As a new territorial reform is set to be enacted in France, what lessons can be learned from past reforms? In La Politique confisquée, Fabien Desage and David Guéranger describe a “backdrop of disenchantment” with regard to intermunicipal structures: mayors appear to have monopolised these new “intercommunalities”, with representative democracy seemingly replaced by something more opaque.

Reviewed: Fabien Desage and David Guéranger. 2011. La Politique confisquée. Sociologie des réformes et des institutions intercommunales, Paris: Éditions du Croquant.

In France, intercommunalities – intermunicipal structures covering several communes (municipalities) that typically form a single urban area – have proved to be major players in terms of territorial management. And yet these bodies remain poorly understood by the French public, for whom the commune still represents the building block of local democracy, and mayors the most popular political figures. Fabien Desage and David Guéranger’s work provides the keys to understanding this enigma. It reopens what the authors feel to be a “confiscated” debate on the foundations of intermunicipal government and, more generally, on the reform of local authorities. Here, the authors bring to the fore their empirical research, conducted over several years in two types of intercommunality – an agglomeration community [1], based in Chambéry, and an urban community, based in Lille – in order to highlight the dominance of local councillors’ corporate strategies and of institutional constraints and pressures. One of the merits of this work is that it defends an explicit and unequivocal hypothesis, namely the “domestication” of intermunicipal institutions by local councillors who, far from being destabilised by these new public establishments for intermunicipal cooperation (in French, établissements publics de coopération intercommunale or EPCIs), have shown they know how to take ownership of them and use them to obtain new resources for their own communes. This work underscores the intricacies of a form of democracy that is more “censal” than “representative” – which, paradoxically, has proved to be the key to intercommunalities’ success.

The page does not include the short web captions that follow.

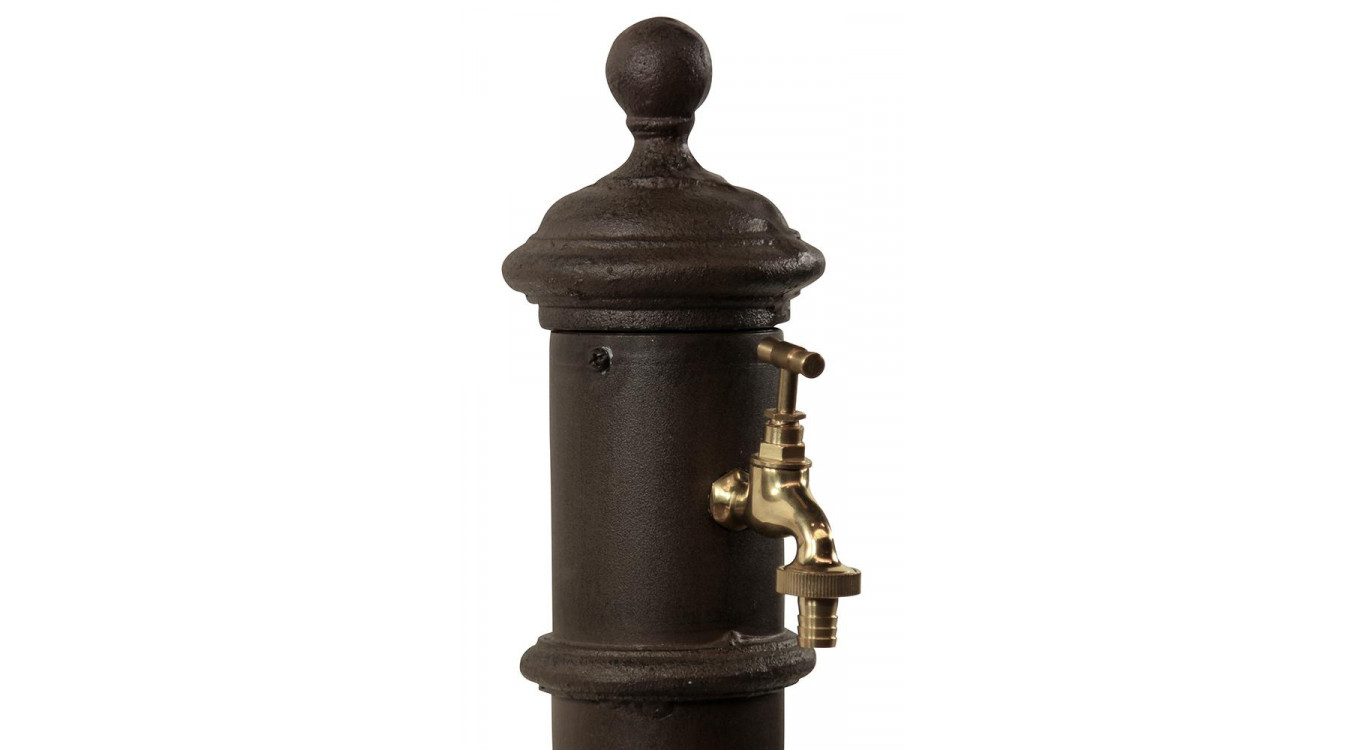 Gartenbrunnen Metall Braun 17x19x73cm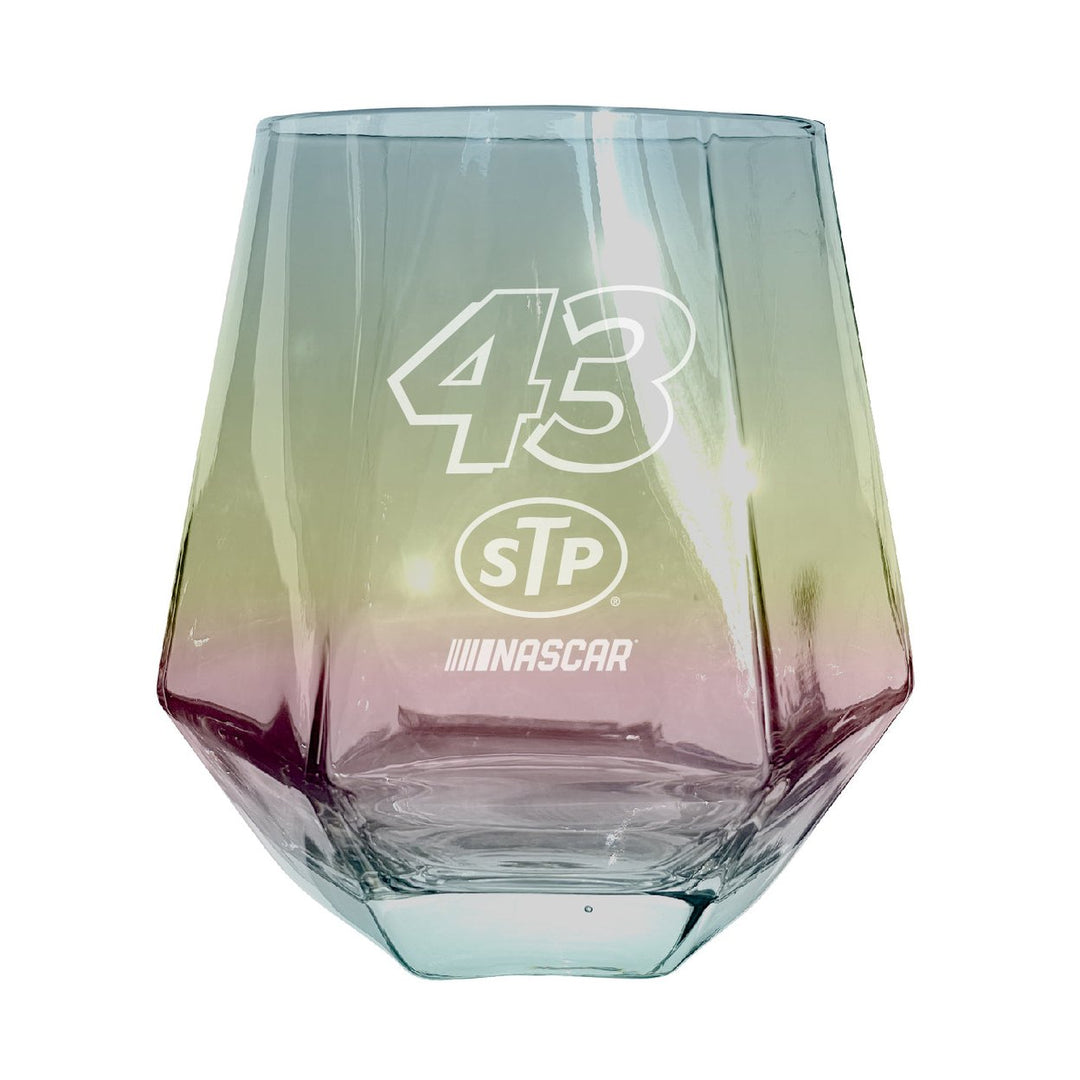 43 Erik Jones STP Officially Licensed Engraved Diamond Wine Glass Image 3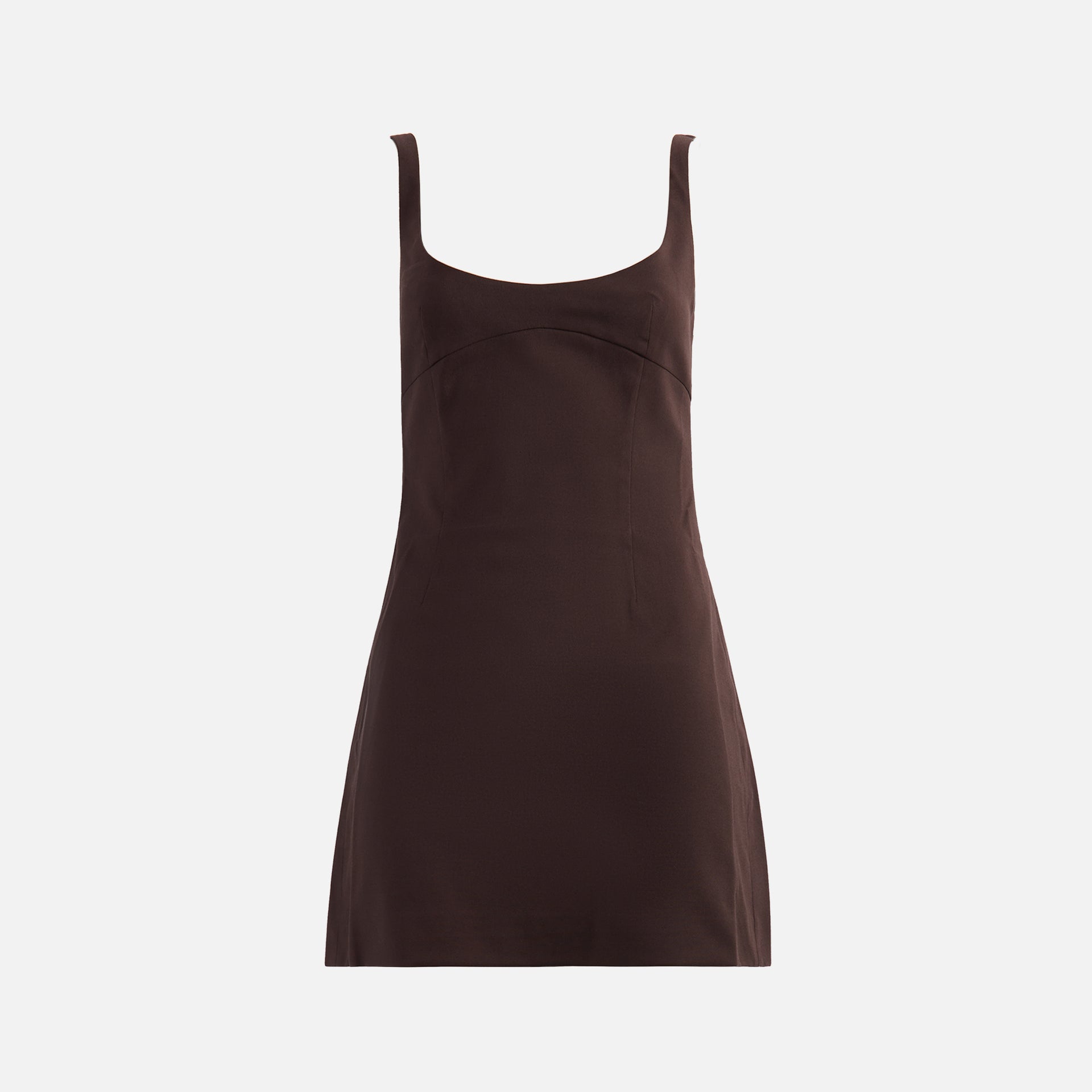 sandy liang brown dress Chester Dress in Brown 6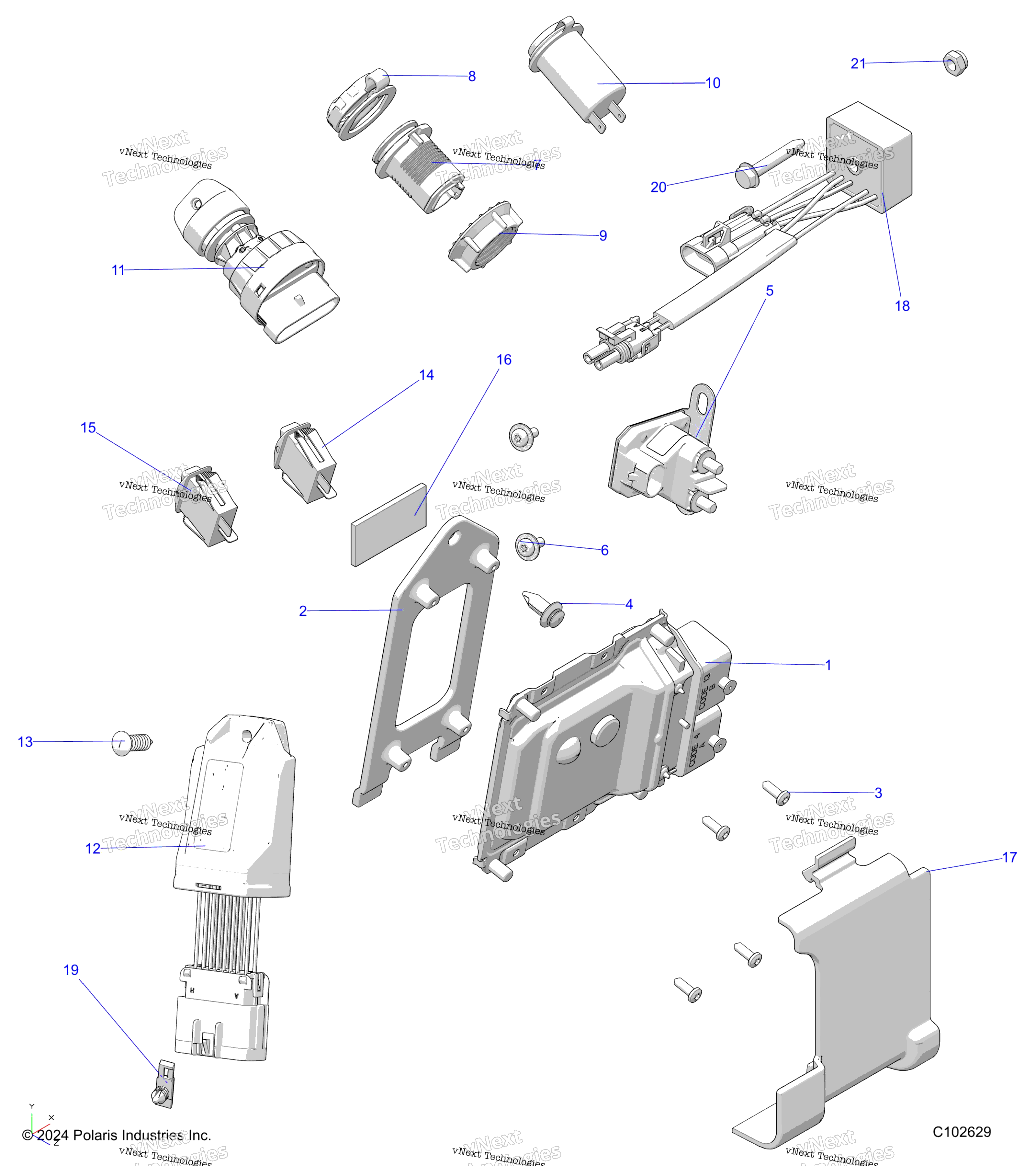 2025 INTL SPORTSMAN TOURING 570 EPS 3PC (A25SDE57P2)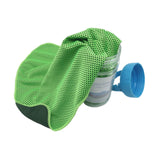 Maxbell Cooling Towel Sweat Absorbing Small-size Headband for Running Cycling Summer Green
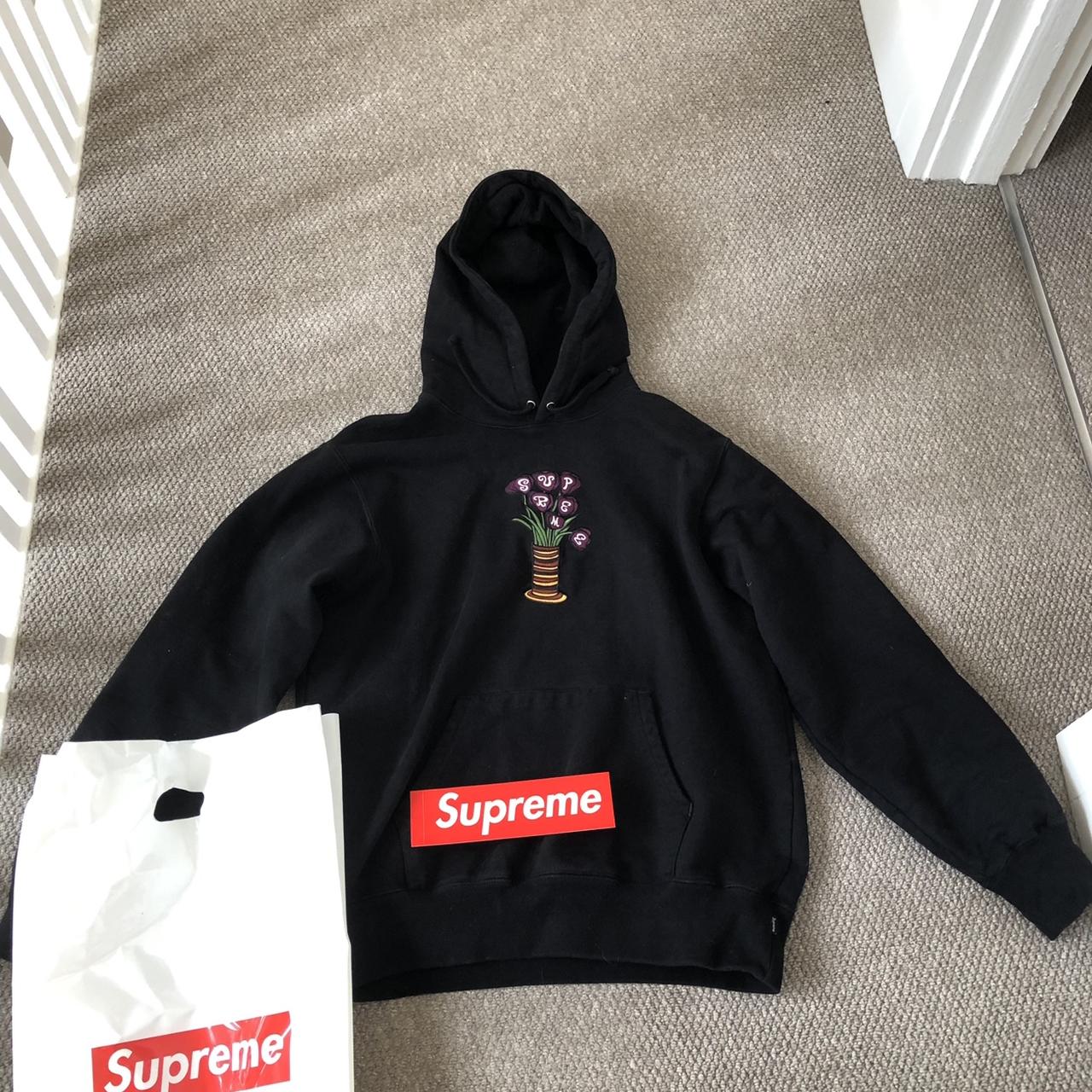 Flower hotsell supreme hoodie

Reforms negotiated by local politicians

In the first part of the book, the authors begin by exhorting us not to fall for the illusion that intercommunalities are something new and innovative. Indeed, they take this opportunity to remind us that the first intermunicipal reforms made their appearance in the 19th century. Next, they demonstrate that, behind the historic succession of forms of cooperation (from the first syndicates of communes to today’s EPCIs with tax-raising powers), the objectives of reforms in this domain have remained remarkably stable: essentially, to “modernise” local public action by reducing the fragmentation generated by the very large number of communes in France. [2] The authors refute the notion that intercommunality is an irresistible historical process and insist on the growing influence of local councillors (and their “corporate” associations, such as the powerful Association des Maires de France – Association of French Mayors) in the definition and appropriation of reforms. The fact that intercommunality is a regularly raised issue is explained by the influence that local councillors have managed to obtain and exercise over the content of reforms. Far from applying the constitutional principle of “free administration” at local level, these reforms have always given local councillors significant leeway to implement new structures and accommodate communes’ existing interests. Whether in terms of defining boundaries, distributing resources or transferring responsibilities, the authors show that the setting-up of intercommunal bodies can be combined with a “reinforcement of the institution of the commune and its own objectives, to the detriment of the new [intercommunal] body” (p. 95). Some mayors, for example, view the creation of intercommunalities positively, as it enables them to transfer responsibility for certain costly facilities (such as sewage treatment works) and to free up, within their communes, additional budgetary margins for manoeuvre.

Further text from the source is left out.